"When we're doing a project, he knows the person to call."
Wayne Ford still lives on the same street corner that he did when coming to Galva in 1966. Ford was beginning a 52-year career with Grain Craft in McPherson, but made his home in the town where his wife, Naomi, would teach school. Six years later, he became a city council member.
In 1977, Ford became mayor of Galva when Bud Myers resigned the position to join the school board, and he has retained the office ever since.
"I would just run, every election, and was basically unopposed for most of the years," Ford said.
Those years of experience have translated into a wealth of knowledge for Ford.
"He's the mayor who knows everybody and everything," said Lori Tector, city clerk for Galva. "He's been here longer than anybody. When we're doing a project, he knows the person to call."

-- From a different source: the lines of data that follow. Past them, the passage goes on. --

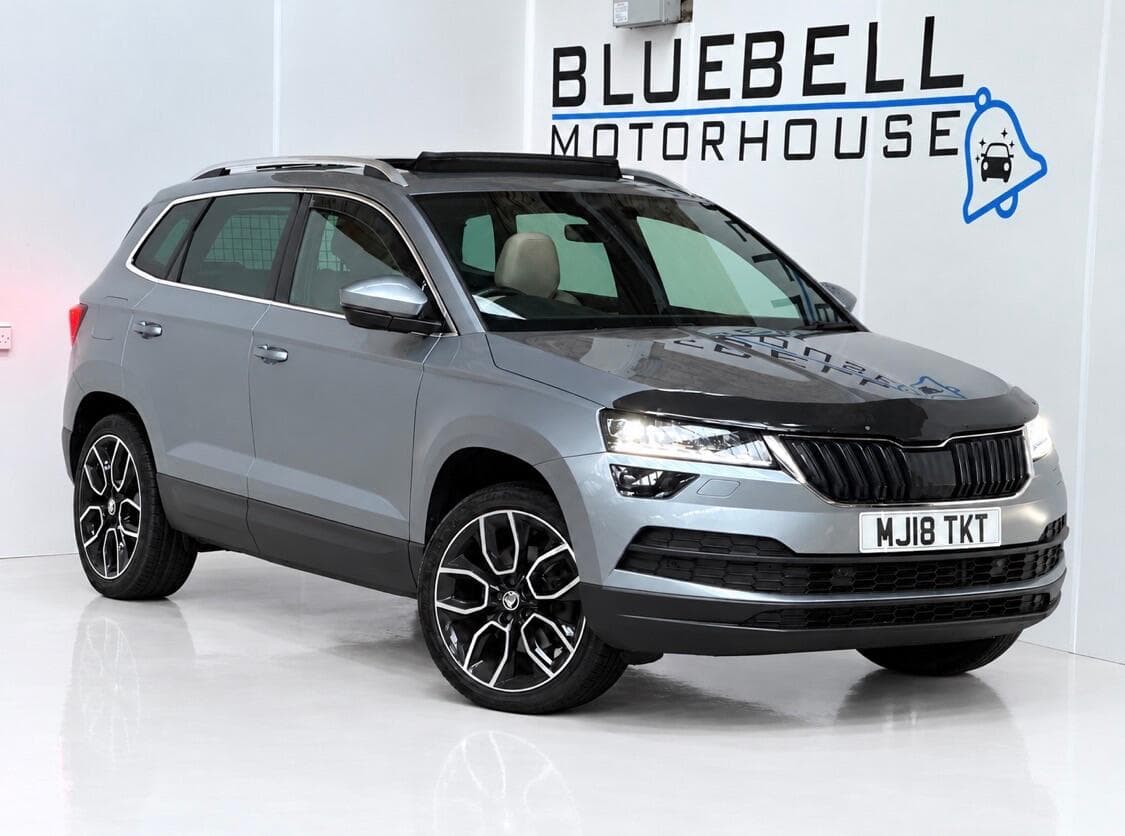 2018 Skoda Karoq - Main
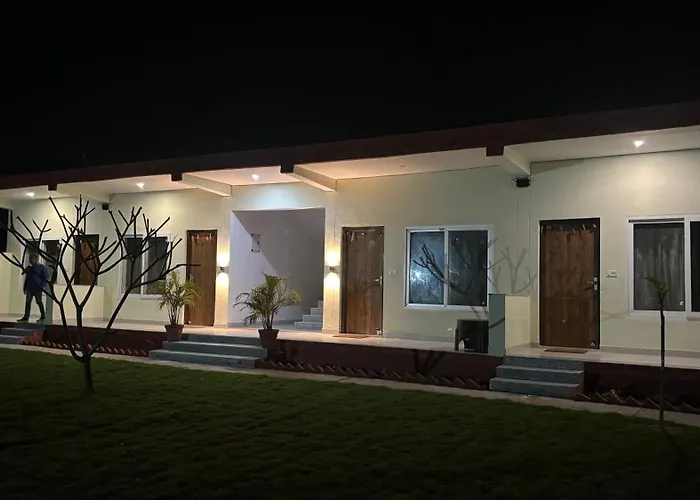 Rajaji Retreat Resort Rishikesh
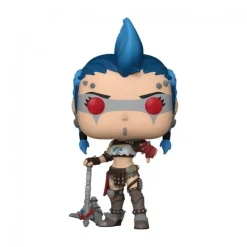 Outlet Pop Vinyl Junker Queen Overwatch 2 - 9 cm Descuentos Gaming
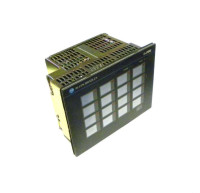 ALLEN BRADLEY 2705-P22C3 PUSHBUTTON STATION ILLUMINATED 120/240VAC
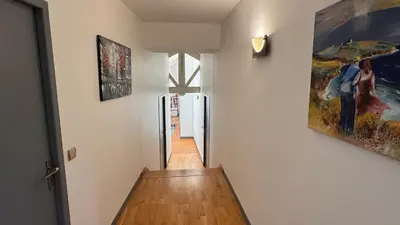 Plan de l'établissement Maison en Pierre - piscine - jacuzzi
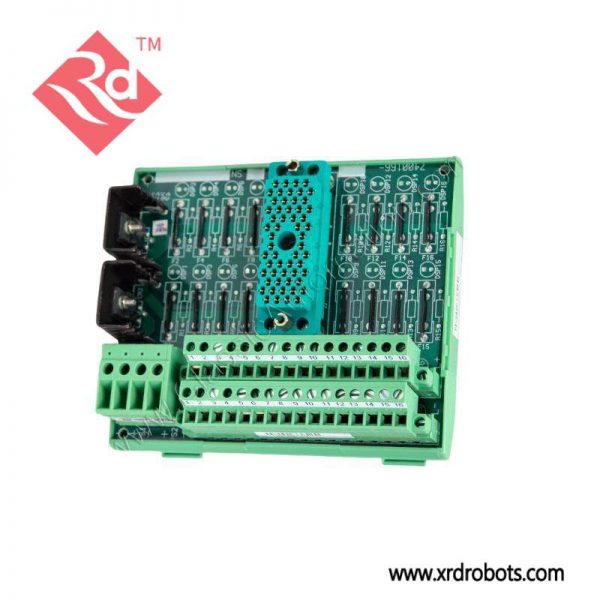 Invensys Triconex 9662-610 Termination Board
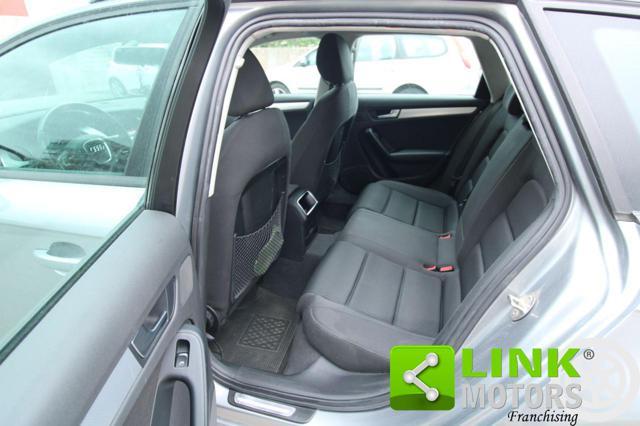 AUDI A4 avant advanced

After 40 years, Ford has decided that this will be his last term as mayor.
"I've appreciated all these years, but 40 years is a long time," Ford said.
Looking back, he is proud of the people and projects that have made Galva the town it is today. Galva's population was around 575 people in 1977 and has grown to around 900 people currently.
"It's the leaders of the community and the community as a whole — I have to credit it to them," Ford said. "It was an effort of everybody."
The assistance of and camaraderie with the city staff is especially meaningful to him.
"Forty years has allowed me to go through lots of different people, and yet we've got some 20 or 25 year people on staff at this point, too," Ford said. "It's because we have a good staff that you're able to be that mayor figurehead, so to speak, but also have a good city."
There have been several notable projects completed by the city of Galva under Ford's leadership, including the construction of concrete streets beginning in 1995.
"The biggest thing that helped the city was the streets," Ford said. "We've pretty well covered the entire town in concrete streets."
In 2005, the city added a new building downtown.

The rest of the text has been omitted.